An early DJ was Bryan Norcross, on-air as Barry O'Brien, who later became a well-known meteorologist for his coverage of Hurricane Andrew.

It switched its call sign to WTMS in 1997, WAOA in 2000 and WINT in 2003.

Previous logo

In October 2008, WINT flipped from an oldies format to sports radio, affiliated with ESPN Radio. On February 25, 2011, WINT went silent. On December 13, 2014, WLZR returned to the air, simulcasting sports-formatted WSJZ 95.9 FM. On April 1, 2015, WLZR split from its simulcast with WSJZ (which switched an active rock format). WLZR rebranded as "Sports Radio 1560 The Fan".

WLZR ceased operators March 14, 2025. It was one of 11 Cumulus stations to close the weekend of March 14, as part of a larger shutdown of underperforming Cumulus stations, and one of four defunct Cumulus stations to surrender their licenses that September.
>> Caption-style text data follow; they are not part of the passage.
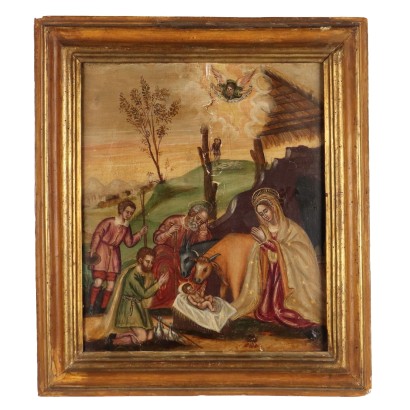 Antikes Gemälde mit Heiligem Subjekt Tempera auf Holz '600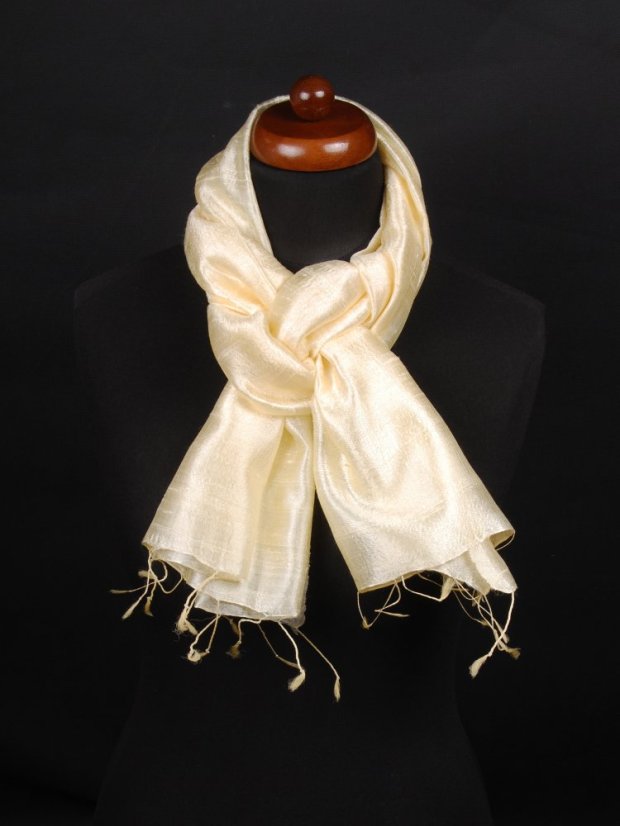Schal aus Rohseide hellgelb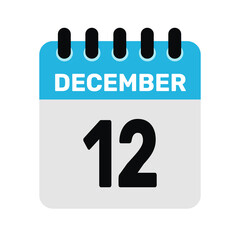 december 12 calendar icon Vector page month design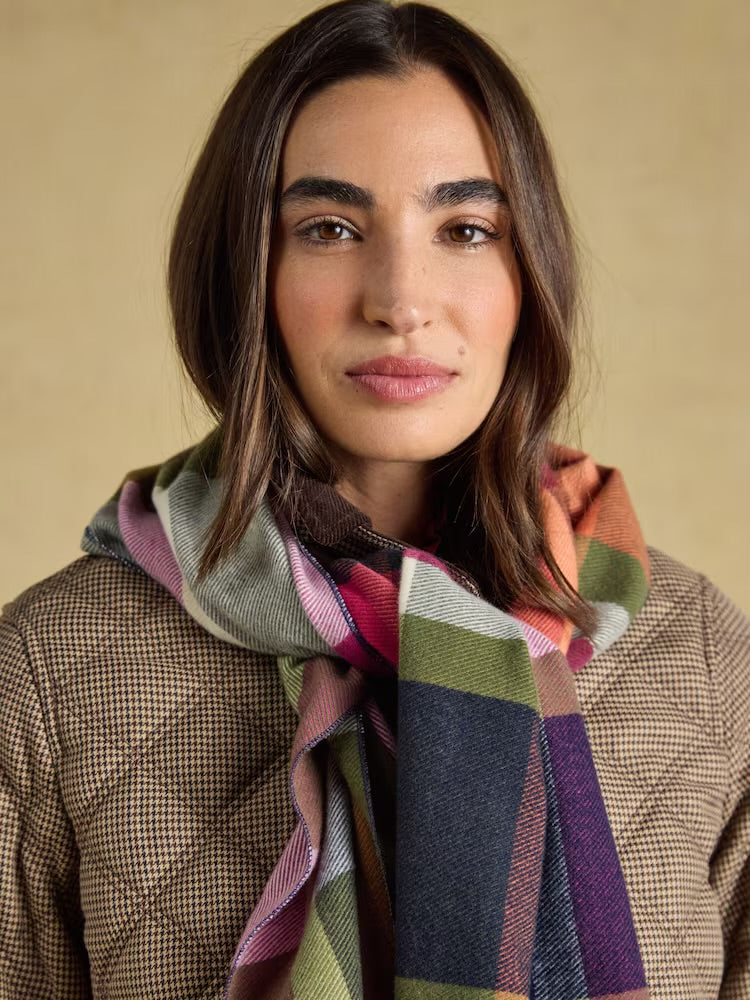Joules Womens Langtree Scarf G13-989 Khaki Orange Check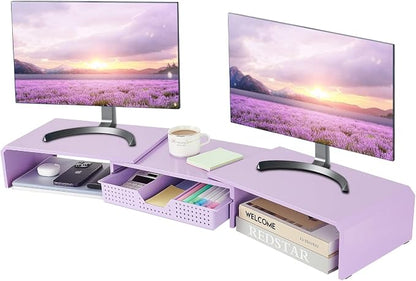LEKETREE Dual Monitor Stand Riser with Drawer, Desk Organizer and Accessories, Metal Laptop Stand for Desk, Workspace Desktop Stand for Computer, Laptop, TV and More (Purple)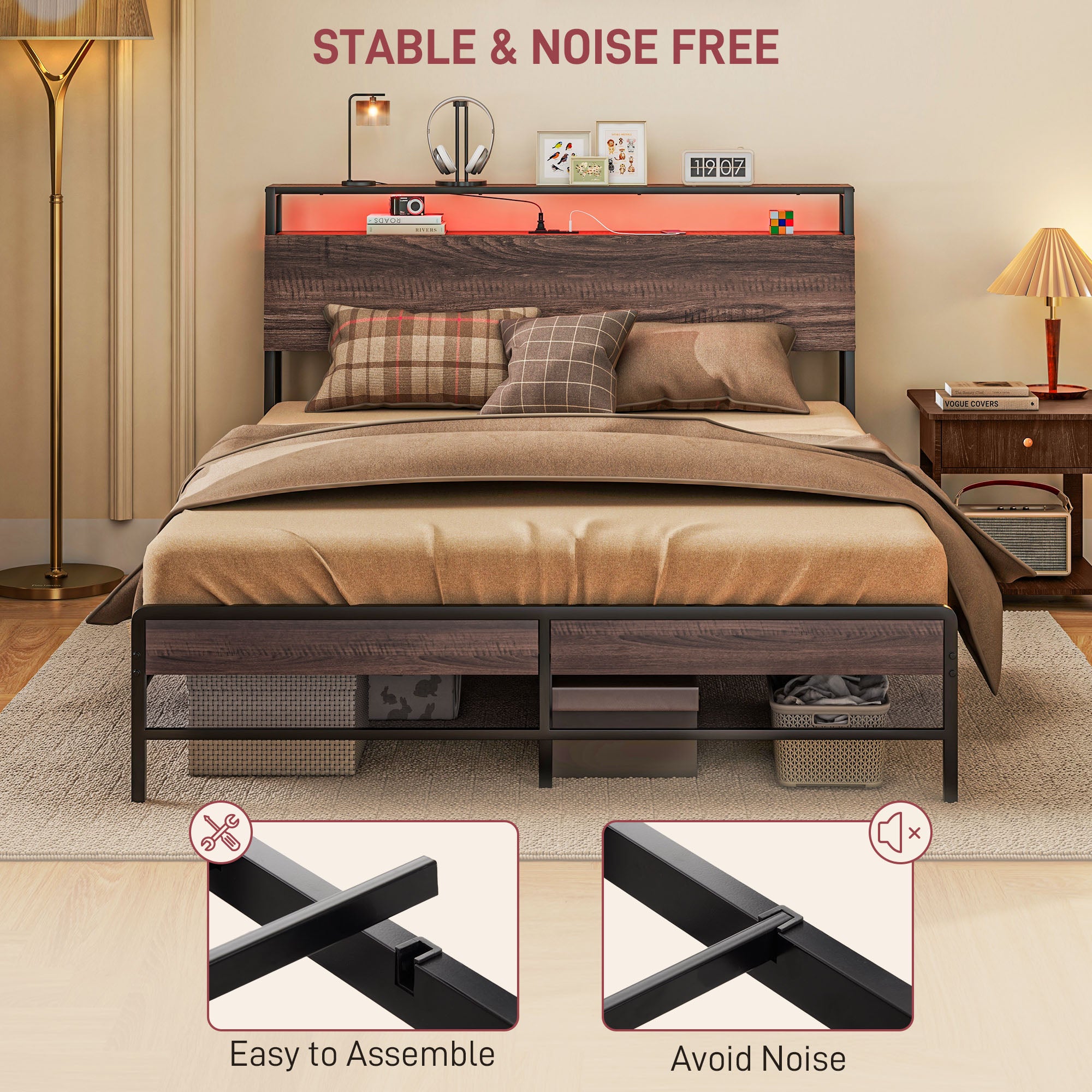 Gray LED Charging Bed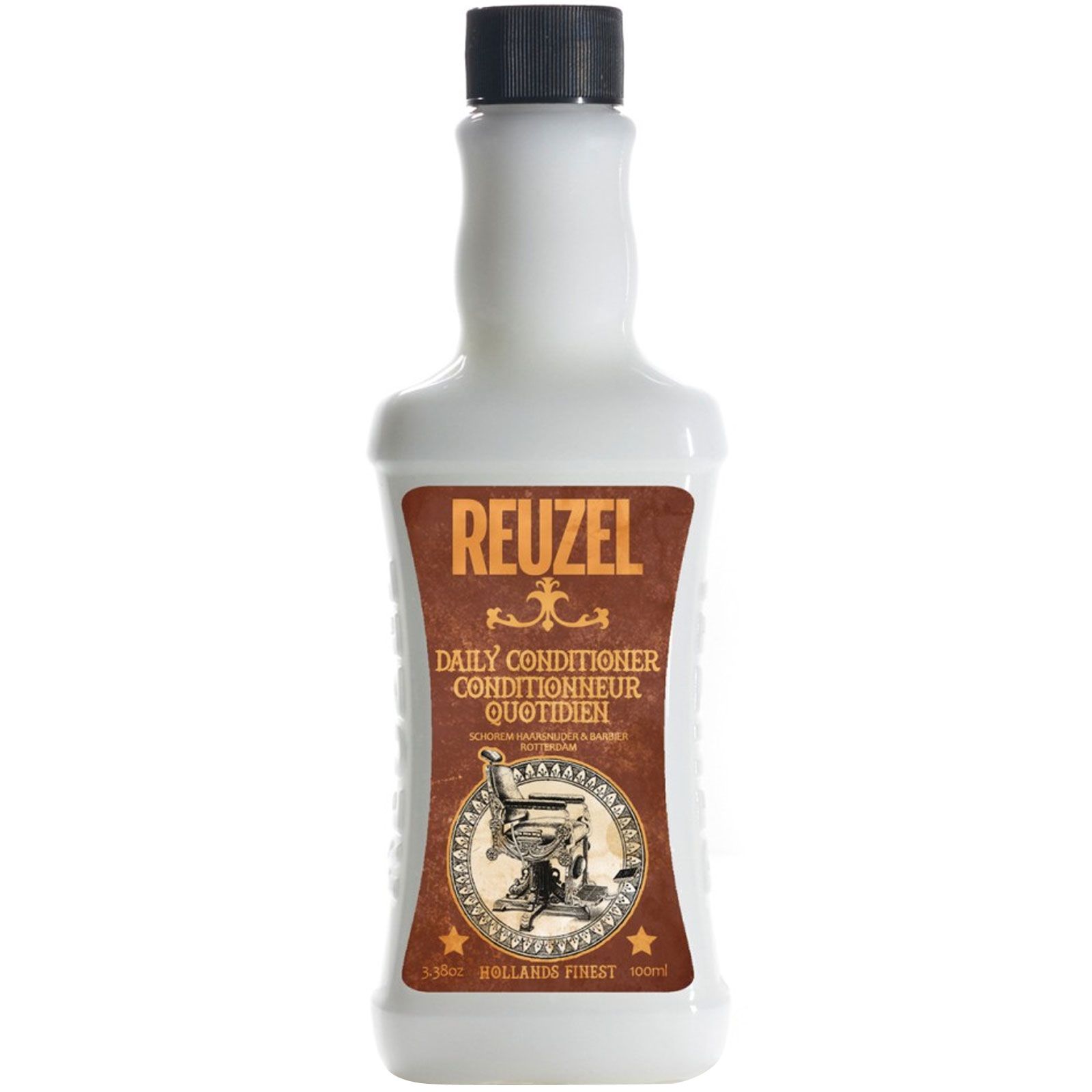 Reuzel Daily Conditioner in weißer Flasche mit braunem Etikett und schwarzem Deckel, 100ml.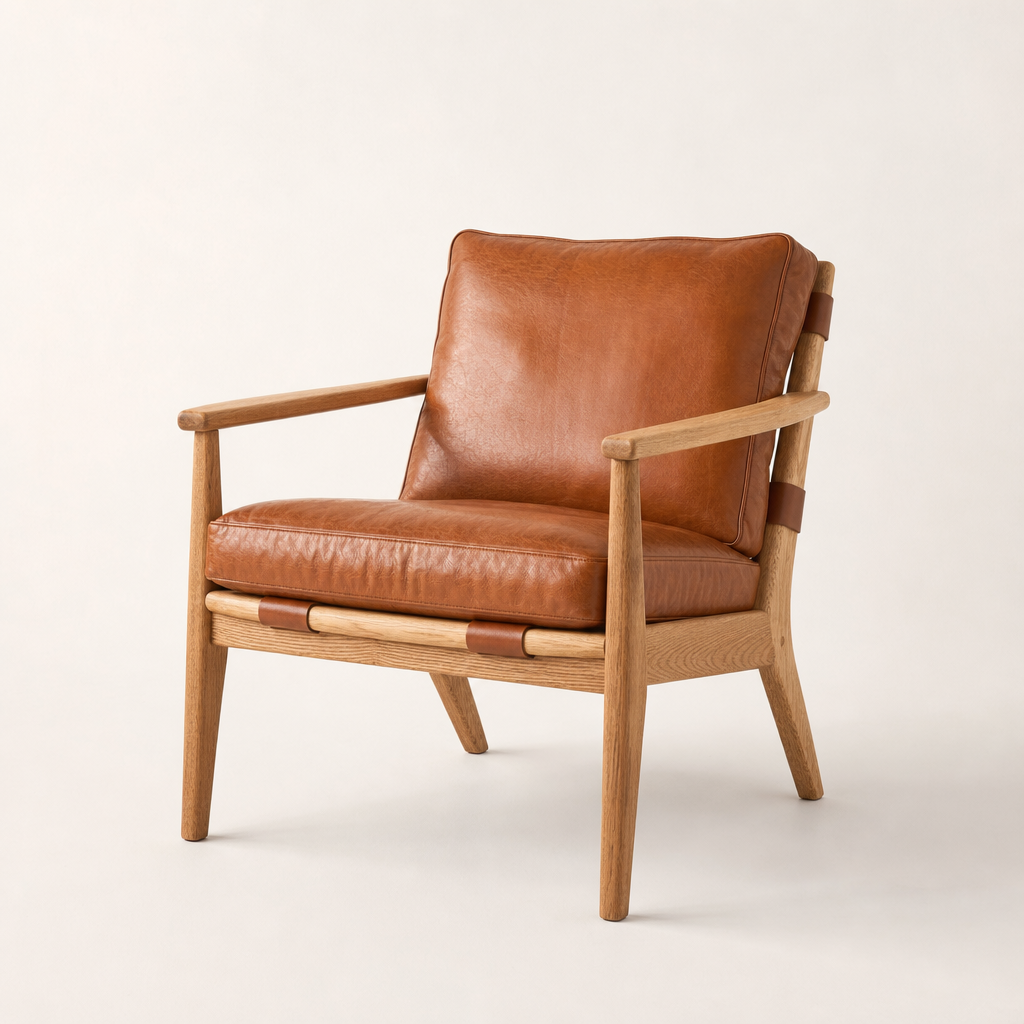 Fauteuil Belleville en cuir cognac et chêne massif, esprit mid-century — Maison Mansarde
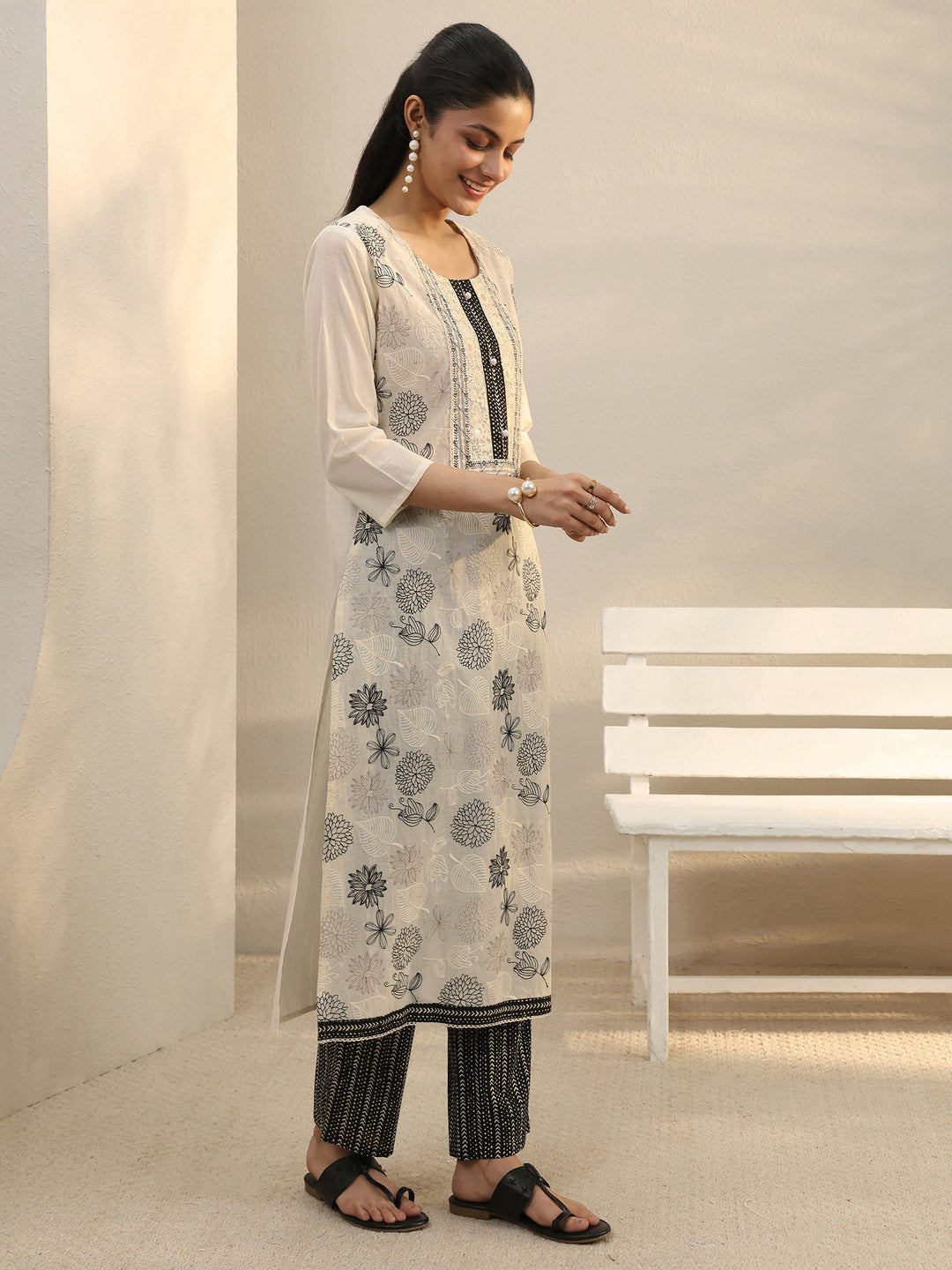 Off White Floral Embroidered Cotton Straight Suit Set
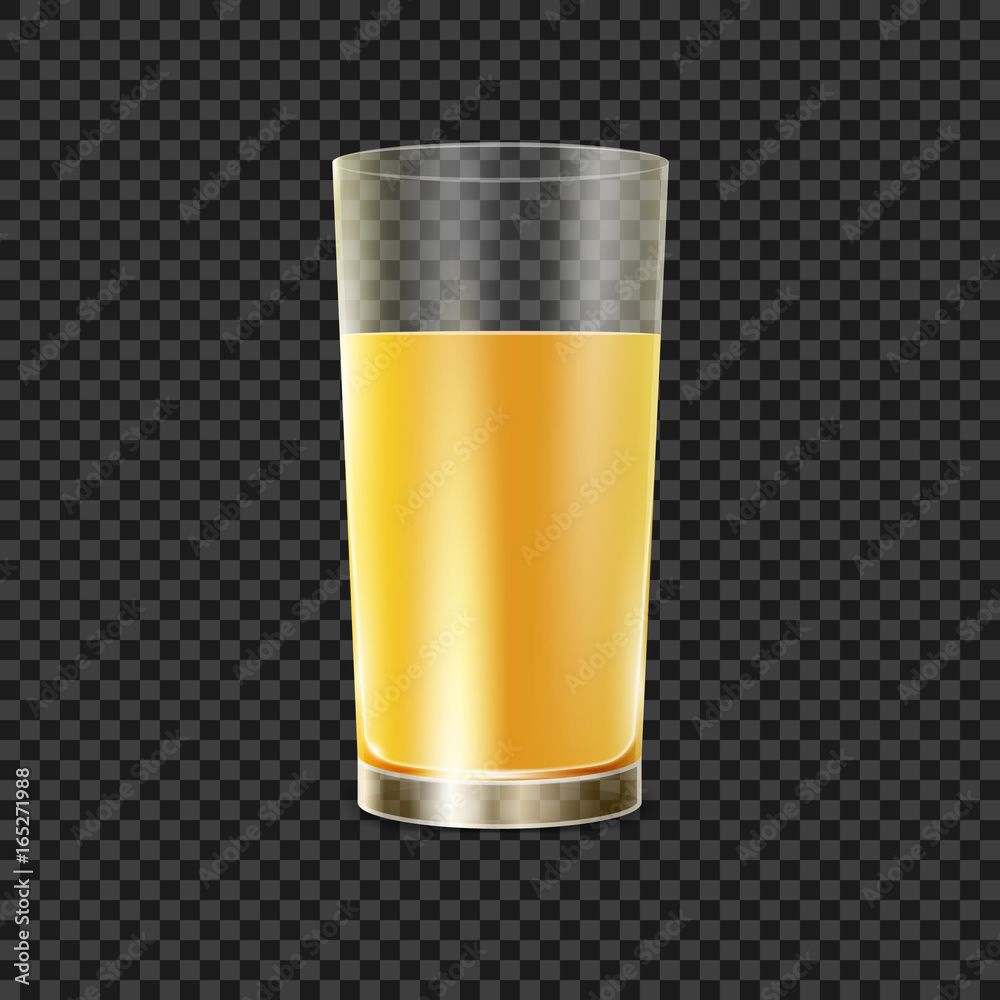 Orange juice in glass. Juice drink in glossy tableware vector illustration Orange juice in glass. Juice drink in glossy tableware vector illustration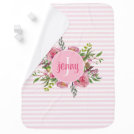 Pink Stripes and Flowers Baby Blanket Pink Stripes and Flowers Baby Blanket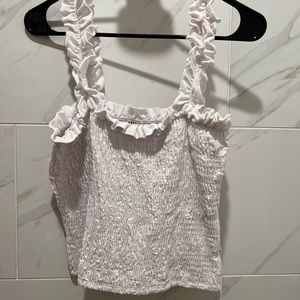 White Smocked Tank Top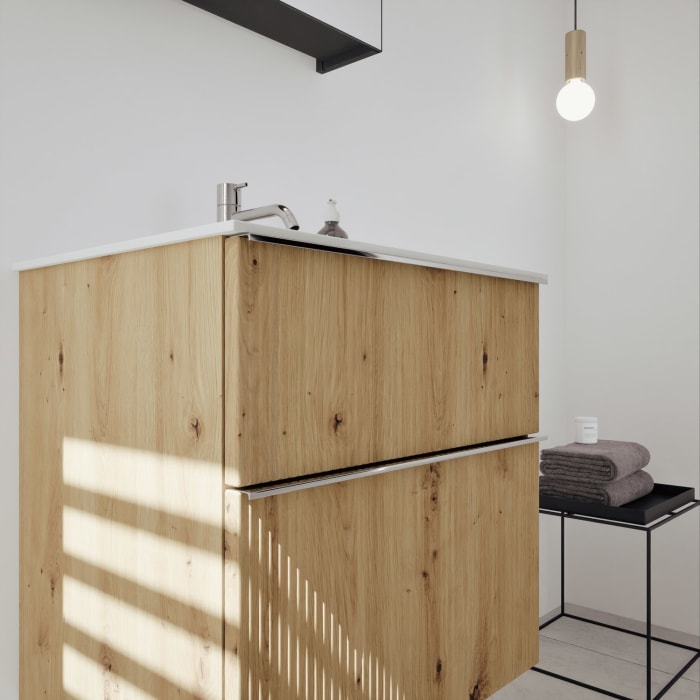 burgbad Fiumo 2.0 Badmöbelset 62 cm mit Waschtisch mit Unterschrank mit Griff G0146 und Spiegelschrank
The Federal Communications Commission cancelled the station's license on September 29, 2025. WLZR's afternoon show, hosted by program director Mark Moses (who remained with Cumulus as the program director and midday host at WROK-FM, the former WSJZ), continues as an Internet video program and podcast; by the time of the closure, WLZR's other programming was supplied by the Infinity Sports Network.